*** Opening of DATA PROVIDED ***
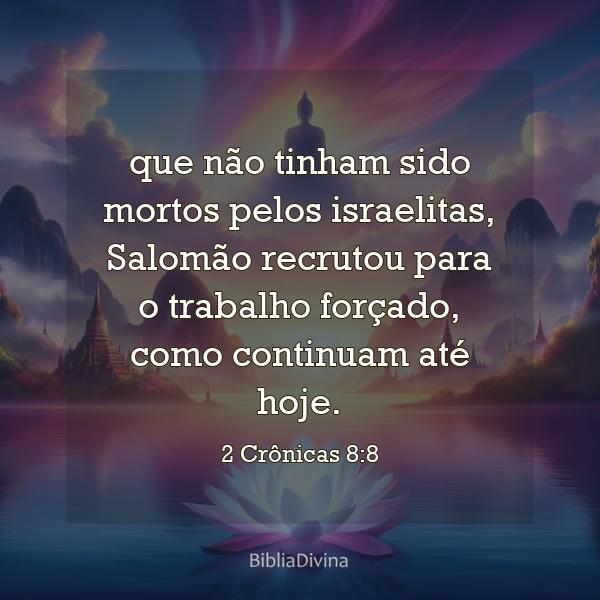 2 Crônicas 8:8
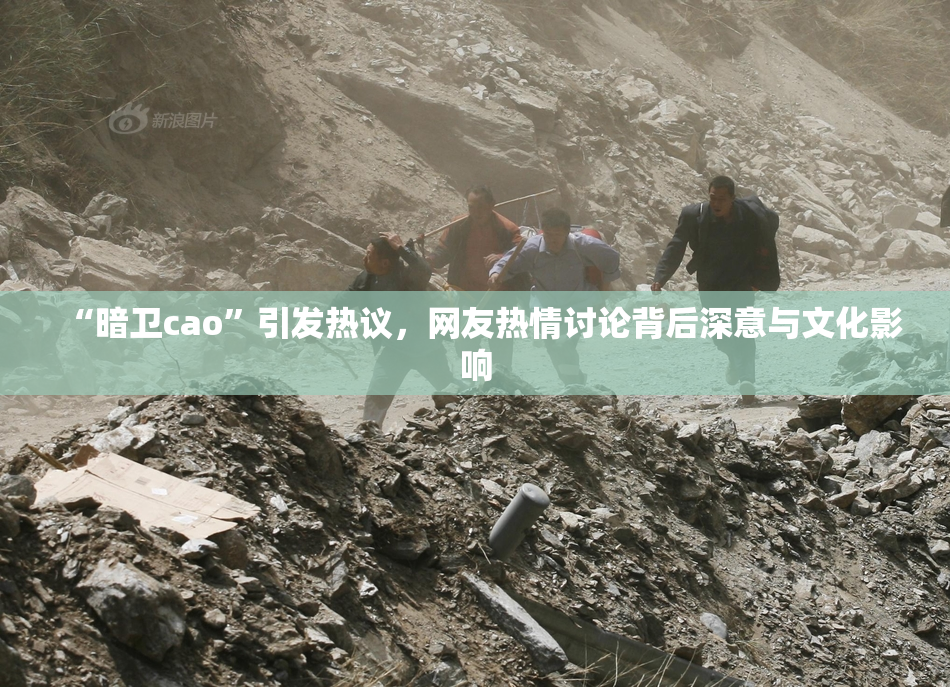 “暗卫cao”引发热议，网友热情讨论背后深意与文化影响
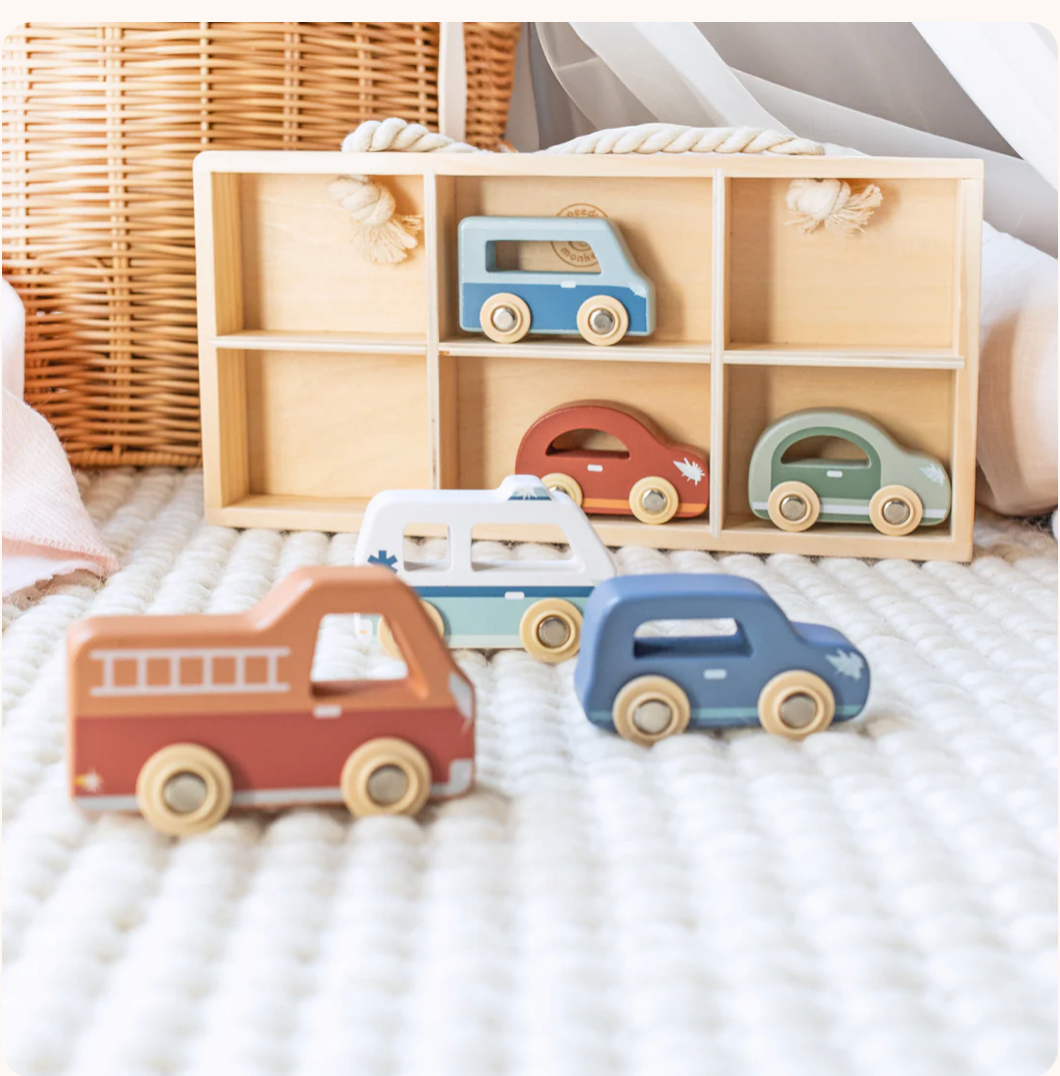 Speedy Monkey - Car Display Case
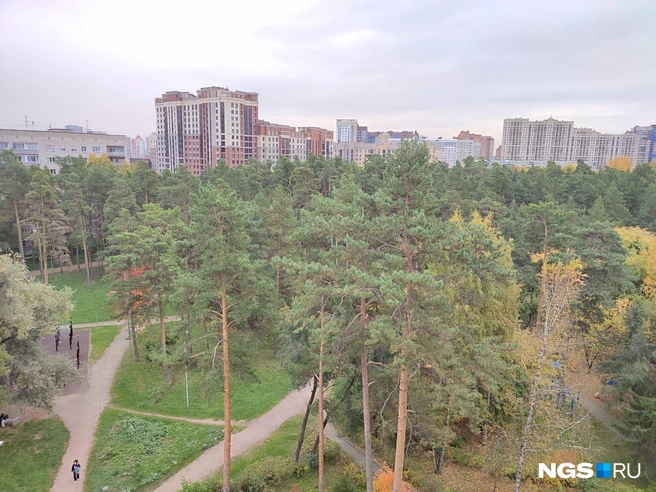 Этот сквер — уникальная зеленая зона, расположенная недалеко от площади Калинина | Источник: Илья Калинин / NGS.RU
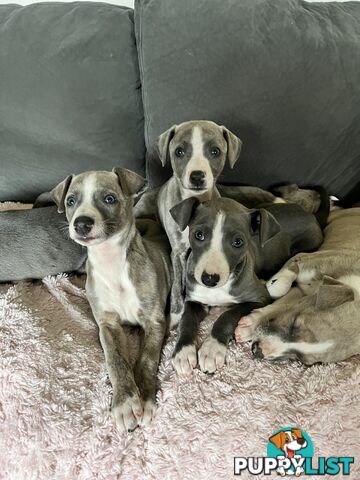 Whippet pups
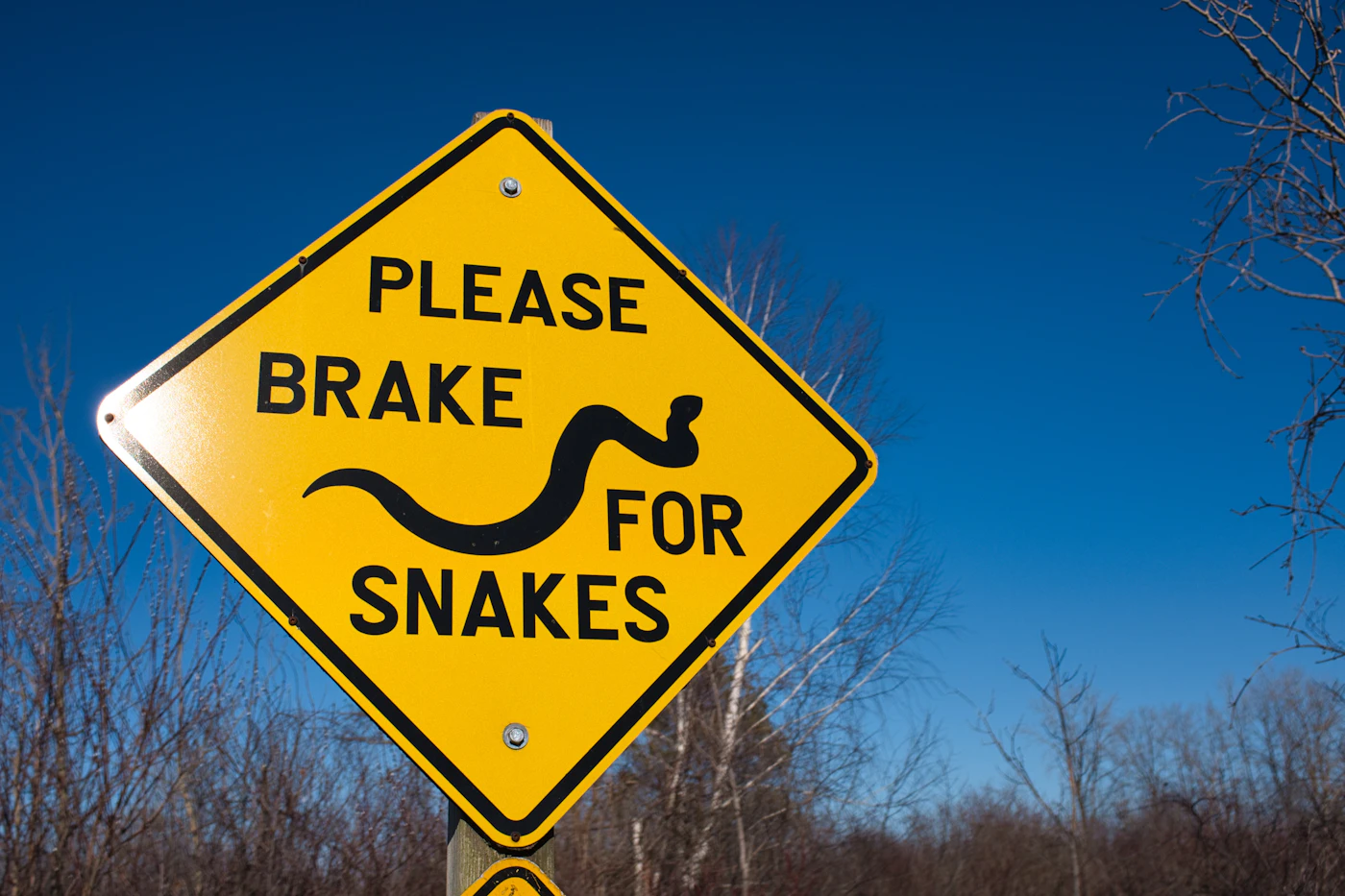 Editorial image for The Everyday Checklist That Takes The Guesswork Out Of Recognizing Unusual Brake Behavior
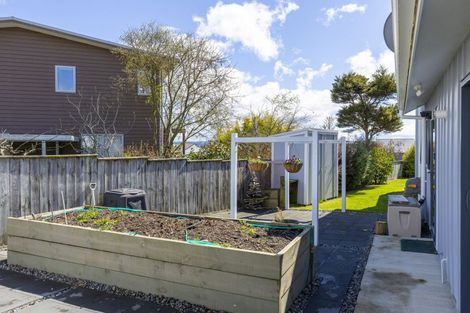 Photo of property in 29 Parekaawa Drive, Motuoapa, Turangi, 3382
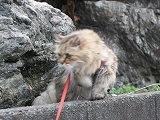 0-118.jpg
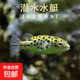 巧克力娃娃觀(guān)賞魚(yú)淡水吃螺除螺工具魚(yú)苗潛水艇熱帶小型河豚雞泡魚(yú) 3-4cm金娃娃2只飼料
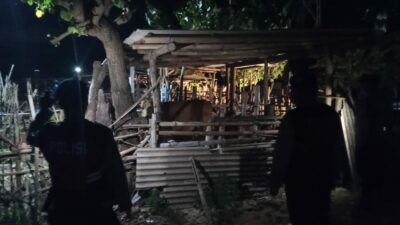 Upaya Polsek Sekotong Antisipasi Kejahatan Ternak di Kecamatan Sekotong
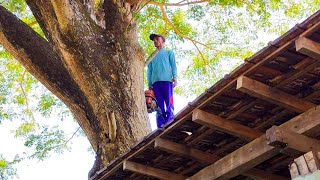 WRONG CALCULATIONS ON THE ROOF BECOMES A VICTIM‼️CUTTING THE LARGE TREMBESI TREE STIHL#MS660#MS070 by Wono Chenel 19,933 views 4 months ago 27 minutes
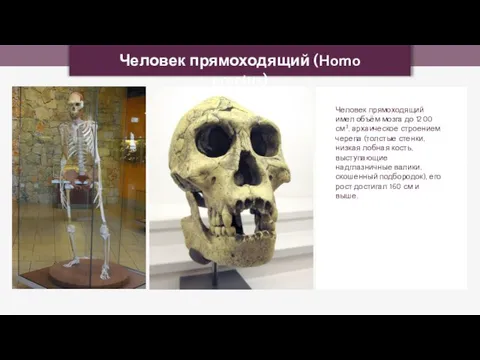 Человек прямоходящий (Homo erectus) Cropbot Cropbot Человек прямоходящий имел объём мозга до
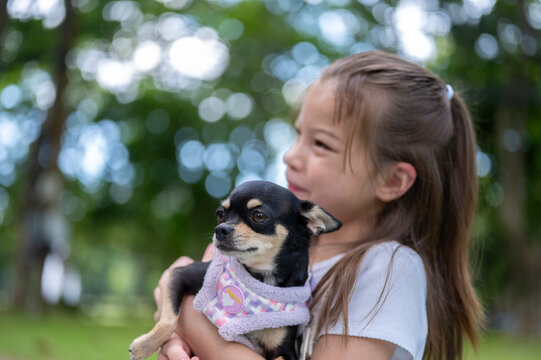 Young mixed race girl smiling while holding and cuddling a small dog chihuahua in the park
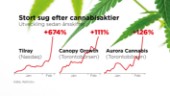 Tusentals svenskar med på cannabis-rallyt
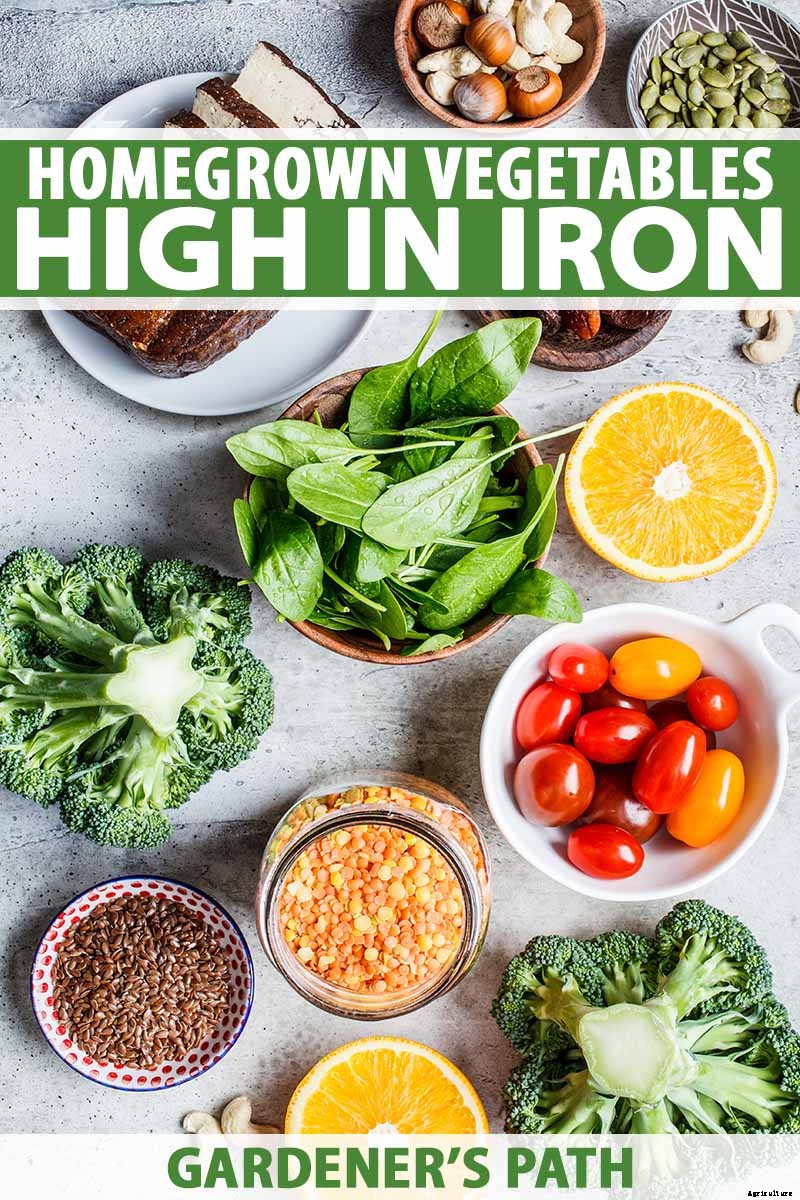 What Vegetables Are High in Iron?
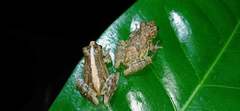 Scinax argyreornatus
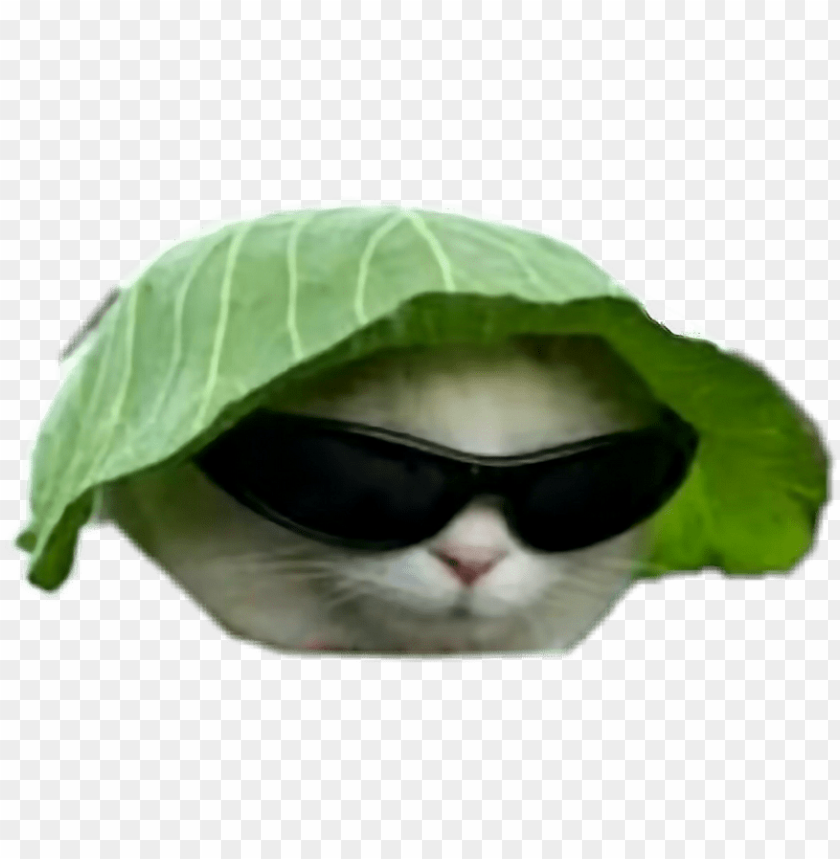 Transparent Background Cat Meme Png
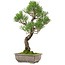 Pinus thunbergii, 46 cm, ca. 25 Jahre alt, mit einem Wurzelhals von 9 cm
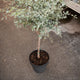 Simegarden Eucalytus gunnii alberello
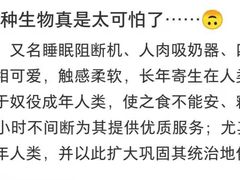 -海尔洲际酒店天下一品中餐厅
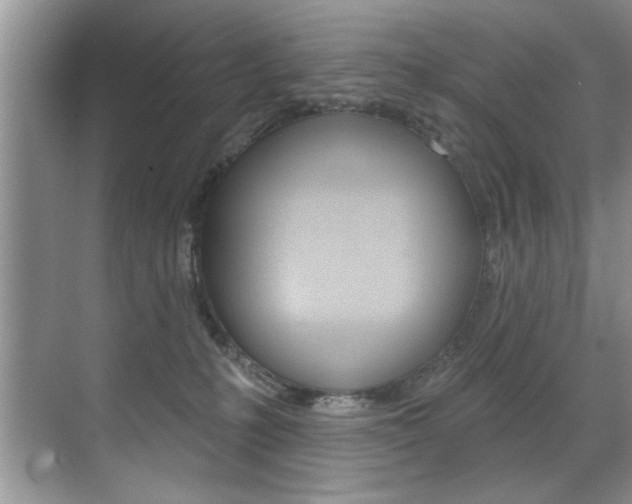 X0000071910231200607070953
*** Close of DATA PROVIDED ***
TRY IT – Give the data above again in full and unchanged, skipping the pictures.

YOUR SOLUTION –
 2 Crônicas 8:8
 “暗卫cao”引发热议，网友热情讨论背后深意与文化影响
 Speedy Monkey - Car Display Case
 Этот сквер — уникальная зеленая зона, расположенная недалеко от площади Калинина | Источник: Илья Калинин / NGS.RU
 Whippet pups
 Editorial image for The Everyday Checklist That Takes The Guesswork Out Of Recognizing Unusual Brake Behavior
 Photo of property in 29 Parekaawa Drive, Motuoapa, Turangi, 3382
 0-118.jpg
 巧克力娃娃觀(guān)賞魚(yú)淡水吃螺除螺工具魚(yú)苗潛水艇熱帶小型河豚雞泡魚(yú) 3-4cm金娃娃2只飼料
 Upaya Polsek Sekotong Antisipasi Kejahatan Ternak di Kecamatan Sekotong
 WRONG CALCULATIONS ON THE ROOF BECOMES A VICTIM‼️CUTTING THE LARGE TREMBESI TREE STIHL#MS660#MS070 by Wono Chenel 19,933 views 4 months ago 27 minutes
 Человек прямоходящий (Homo erectus) Cropbot Cropbot Человек прямоходящий имел объём мозга до
 Young mixed race girl smiling while holding and cuddling a small dog chihuahua in the park
 Tusentals svenskar med på cannabis-rallyt
 What Vegetables Are High in Iron?
 Scinax argyreornatus
 Transparent Background Cat Meme Png
 Pinus thunbergii, 46 cm, ca. 25 Jahre alt, mit einem Wurzelhals von 9 cm
 Simegarden Eucalytus gunnii alberello
 -海尔洲际酒店天下一品中餐厅
 X0000071910231200607070953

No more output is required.